The issue has also sparked divisions inside the Biden administration, with some officials wanting to declassify the evidence for public release to show that the balloon was conducting surveillance. Congress is also likely to press for the release of the FBI’s conclusions.
But others say releasing the information would derail efforts to restart badly needed high-level engagement between the countries at a time when US-China relations are at their lowest level since the two countries established diplomatic relations in 1979.
Blinken was supposed to meet President Xi Jinping in China in February but abruptly cancelled his trip because of the balloon.
Bonnie Glaser, a China expert at the German Marshall Fund, said Beijing’s stance reflected its concerns about how the US would continue to use the episode.
“Beijing is distrustful of US intent and worries the US will use the information gleaned from the balloon investigation in ways harmful to Chinese interests,” Glaser said.
Dennis Wilder, a former Asia adviser to George W Bush, said there was a “good chance” Beijing would not give the green light while uncertainty about the FBI report remained.
“In many ways, we are more eager for this visit than they are,” he said. “They don’t have the incentive to make this visit happen quickly.

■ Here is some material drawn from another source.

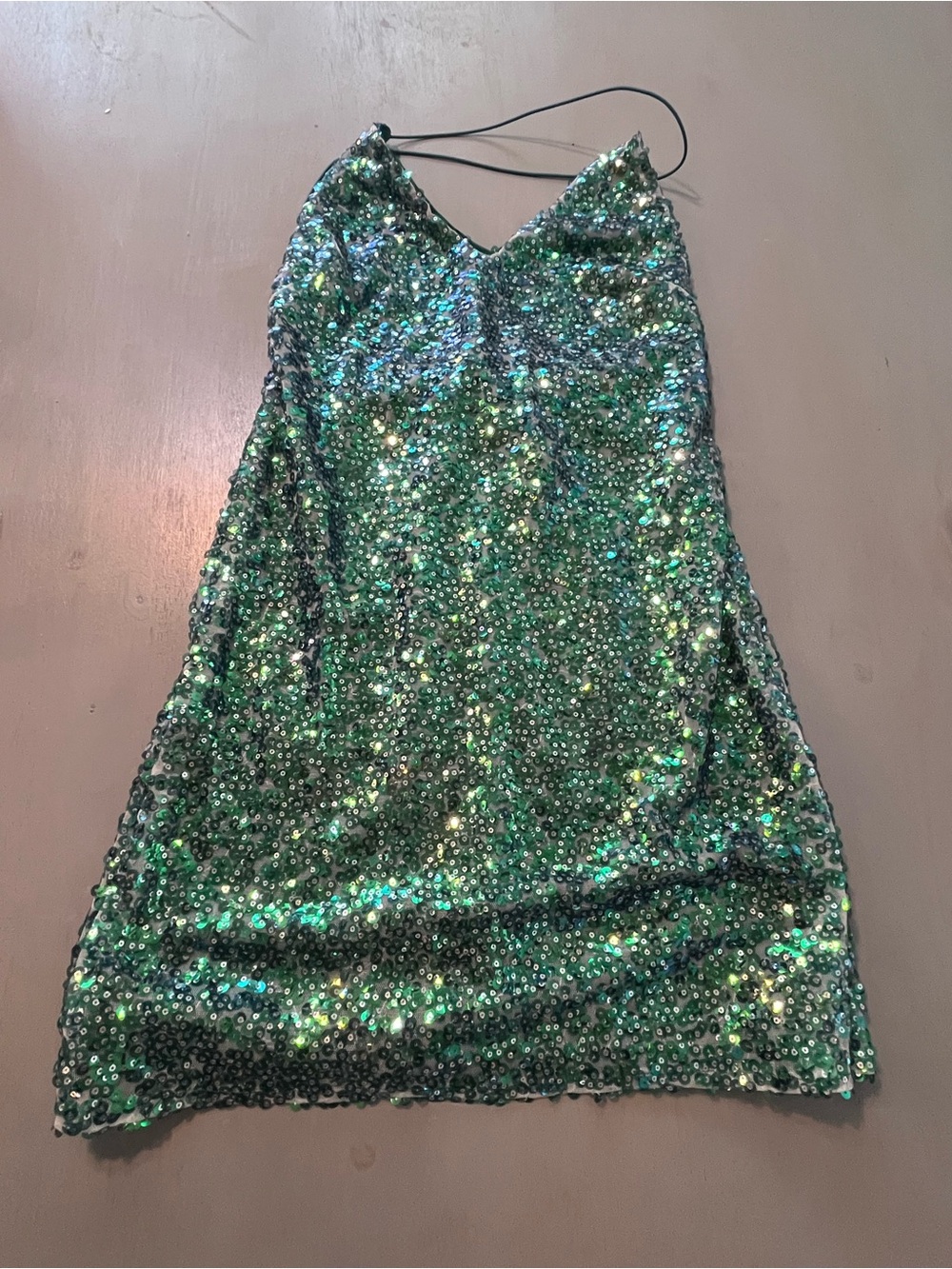Lulus Emerald Green Sequin Halter Mini Dress XS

In that sense, for the Chinese, the downsides of waiting are not great.”
China had also been reluctant to agree to a Blinken visit because of frustration that US lawmakers, including House Speaker Kevin McCarthy, met Taiwan’s president Tsai Ing-wen this month, said several people familiar with the situation.
The Chinese embassy in Washington said Beijing was “firmly opposed to the US continuously making use of the [balloon] incident for political purposes and hyping up the ‘China threat’.”
Spokesperson Liu Pengyu said China “cannot but seriously question the independence, openness and transparency of the so-called investigation”. He said both countries had an obligation to “calmly and prudently handle some unexpected situations” after Xi and Biden had agreed about the importance of maintaining communications at all levels.
While the two sides fail to reach agreement about a Blinken visit, there has been some engagement. Rick Waters, the top state department China official, recently visited Beijing and Cui Tiankai, a former Chinese ambassador to the US, visited Washington.
In other areas, however, there has been almost no engagement. Michael Chase, the Pentagon’s top China official, has been unable to meet his Chinese counterpart in Washington since he visited Taiwan in February, in only the second visit to the island by a senior defence official in four decades.
China “continues to decline requests for engagement with the secretary of defence, the chairman of the joint chiefs of staff, [Indo-Pacific commander] Admiral [John] Aquilino, and other senior department of defence officials,” said Martin Meiners, a Pentagon spokesperson.
Asked by the Financial Times this week about his travel plans, Blinken said it was “important to maintain channels of communication” to China to make sure both sides were “speaking to each other clearly”.
“When it comes to my own visit to China, when the conditions are right I’ll certainly look forward to pursuing that,” the top US diplomat added.